-------- EXERCISE MATERIAL --------
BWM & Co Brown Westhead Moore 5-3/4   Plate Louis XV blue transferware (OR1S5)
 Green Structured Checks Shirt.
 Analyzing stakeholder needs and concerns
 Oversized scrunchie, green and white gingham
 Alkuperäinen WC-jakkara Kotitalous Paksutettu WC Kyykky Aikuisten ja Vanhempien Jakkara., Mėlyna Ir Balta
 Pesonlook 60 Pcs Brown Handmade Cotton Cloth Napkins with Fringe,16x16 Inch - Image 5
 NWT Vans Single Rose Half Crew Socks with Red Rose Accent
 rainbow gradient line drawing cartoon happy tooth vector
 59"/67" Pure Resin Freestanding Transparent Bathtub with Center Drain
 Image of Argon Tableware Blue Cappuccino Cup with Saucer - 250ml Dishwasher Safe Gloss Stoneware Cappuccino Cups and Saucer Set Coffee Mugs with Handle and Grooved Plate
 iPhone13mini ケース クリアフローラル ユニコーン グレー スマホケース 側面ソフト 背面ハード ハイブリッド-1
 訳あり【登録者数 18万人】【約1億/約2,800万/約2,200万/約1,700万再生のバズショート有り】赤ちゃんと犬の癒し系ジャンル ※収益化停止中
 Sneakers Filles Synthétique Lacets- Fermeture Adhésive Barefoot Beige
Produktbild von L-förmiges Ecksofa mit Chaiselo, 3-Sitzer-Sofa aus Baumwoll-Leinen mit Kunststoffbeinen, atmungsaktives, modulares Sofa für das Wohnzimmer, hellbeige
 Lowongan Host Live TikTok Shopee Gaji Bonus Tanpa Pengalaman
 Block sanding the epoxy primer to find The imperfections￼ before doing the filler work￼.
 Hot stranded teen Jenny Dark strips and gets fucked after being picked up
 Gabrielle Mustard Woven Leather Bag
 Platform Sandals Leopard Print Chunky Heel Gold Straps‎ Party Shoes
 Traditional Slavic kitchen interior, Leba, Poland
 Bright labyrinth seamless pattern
--------
PROBLEM REQUIREMENTS = Reproduce verbatim the range of lines that opens the records and closes with the line containing "iPhone13mini ケース クリアフローラル". Omit everything after it.

PROBLEM SOLUTION =
BWM & Co Brown Westhead Moore 5-3/4   Plate Louis XV blue transferware (OR1S5)
 Green Structured Checks Shirt.
 Analyzing stakeholder needs and concerns
 Oversized scrunchie, green and white gingham
 Alkuperäinen WC-jakkara Kotitalous Paksutettu WC Kyykky Aikuisten ja Vanhempien Jakkara., Mėlyna Ir Balta
 Pesonlook 60 Pcs Brown Handmade Cotton Cloth Napkins with Fringe,16x16 Inch - Image 5
 NWT Vans Single Rose Half Crew Socks with Red Rose Accent
 rainbow gradient line drawing cartoon happy tooth vector
 59"/67" Pure Resin Freestanding Transparent Bathtub with Center Drain
 Image of Argon Tableware Blue Cappuccino Cup with Saucer - 250ml Dishwasher Safe Gloss Stoneware Cappuccino Cups and Saucer Set Coffee Mugs with Handle and Grooved Plate
 iPhone13mini ケース クリアフローラル ユニコーン グレー スマホケース 側面ソフト 背面ハード ハイブリッド-1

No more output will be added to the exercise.